Breaking News: Bill Conlin Is A Dummy

Whew, boy. This one is actually pretty tame by Conlin’s standards, but that still makes it one of the worst articles I’ve read in a while. The article is entitled “Why Phillies are looking at 98 wins.” Not an outlandish prediction, but maybe a little optimistic. Unfortunately, the rest of the column is full of vintage Conlin craziness.

In 1993, I sensed a special set of intangibles in the crazies that GM Lee Thomas turned over to manager Jim Fregosi. Coming off a dead-last finish in 1992, picking the reinforced cast of baseball’s “Animal House” to win the pennant was more than a little risky; it was nuts. But I did and the Phillies jumped out to a huge lead, hung on for the East title, then took out the favored Braves in six.

Mystery solved.

Now, I’ll give the man credit for this much: He freely admits that predicting the pennant in ’93 was certifiably insane. Of course, he’s mentioning this to lend credence to his supposed prognostication prowess, so it still makes no sense at all. Especially since he claims to have divined this result via Spidey Sense or whatever, rather than something crazy, like facts and objective evidence.

Charlie Manuel never held out during a six-season major league baseball career that spanned 432 plate appearances and yielded a .198 career batting average. He held on like a remora to a shark’s underbelly.

Charlie should bring this up at his next contract negotiation. The ability to hold on like a remora is, like, 99 percent of what makes a good manager.

The big redhead went to Japan and finally learned to hit. He became the most popular “Gaijin” to ever play there. He even challenged the sacred single-season home-run record of Sadaharu Oh. By the time he climbed the minor league managing ladder and became the Cleveland Indians’ batting coach, then manager, he had become the Will Rogers of hitting, a folksy master of homespun malapropisms who never met a hitting man he didn’t like.

And that is why the Phillies will win 98 games this year.

Ruben Amaro Jr. had a similar if more privileged baseball upbringing. He was born to baseball royalty. His grandfather, Santos Amaro, is enshrined in the Cuban and Mexican halls of fame. Santos would have been a candidate for Cooperstown, as well, had his Cuban skin been a few shades lighter. Ruben’s father of the same name had hands so soft during his major league career with the Phillies and Cardinals you would have entrusted him with catching an infant dropped from the sixth floor of a burning building. Junior was an All-America outfielder at Stanford. He had been a ball-rat from Day 1. Ruben’s big-league career was a scuffle. He played eight seasons, five of them here, batted .235 and learned his front-office skills from a variety of eminent professors in the College of Base Knocks, including Pat Gillick.

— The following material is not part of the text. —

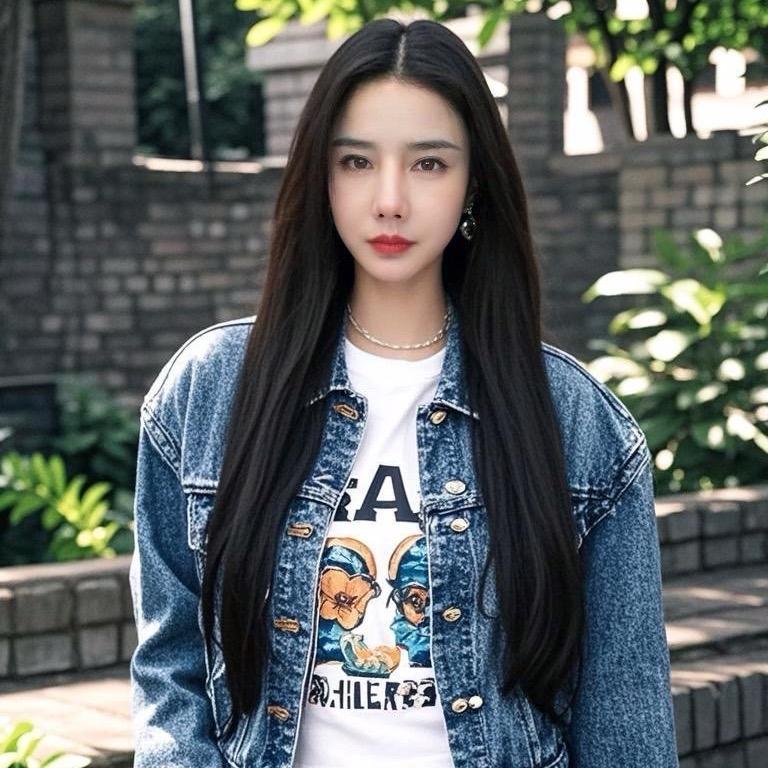 未央，冗孚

Ruben Amaro’s grandfather is a Hall of Famer in other countries. His father had soft hands, presumably because he moisturized. Amaro himself played baseball, though he was pretty crappy at it, and went on to earn an Associate’s Degree in General Management from the esteemed Base Knocks University in Hoboken, N.J. (Go Whitefish!). All of these things are more relevant to the Phillies’ success than Roy Halladay, Chase Utley, Ryan Howard, Cole Hamels, or anyone else who will put on a uniform and take the field for them in 2010.

It is not easy to find a major league ballclub that has a GM and manager who held on instead of holding out. And rarer still to find one where two advisers to the GM, Charley Kerfeld and Dallas Green, are pups from that same loving-the-game litter. Manuel . . . Amaro . . . Green . . . Kerfeld. They are four reasons why the best team in Phillies history will duck the complacency bullet and should win as many as 98 games.

Manuel went to Japan because he couldn’t hit here. Amaro retired after seven seasons because he couldn’t hit at all. How is that “holding on”? What does “holding out” mean in this context? What does any of this paragraph mean?

Conlin predicts a fourth straight division title, third straight pennant, and a seven-game victory in the World Series over the Red Sox. This is a rather plausible series of events, but here’s how he justifies it:

The Yankees have lost a lot of late-inning clutch work with the sayonara to Hideki Matsui, the World Series MVP, and the seeya to run-producer Johnny Damon.

The Yankees replaced Matsui with Nick Johnson and Damon with Curtis Granderson. Yes, Johnson is as brittle as a Mets fan’s ego and Granderson is Mr. Magoo against lefties, but overall, those are probable upgrades. They also added Javier Vazquez to the rotation. I’ve actually got the Yankees missing the playoffs, but that’s because I am a closet Rays fan, and I’m anticipating a lot of injury and regression for the Yankees next season, because they are old as balls at a lot of positions. This is a much better argument than losing “clutch work.”

Conlin finally starts talking about players in the National League about three-quarters of the way into the article, and none of his observations are particularly egregious. Still, he manages to spend nearly a thousand words making a case for the Phillies winning 98 games and a second championship in three seasons without mentioning Utley, Halladay, or Howard once.

Ladies and gentleman: This man has a Hall of Fame vote.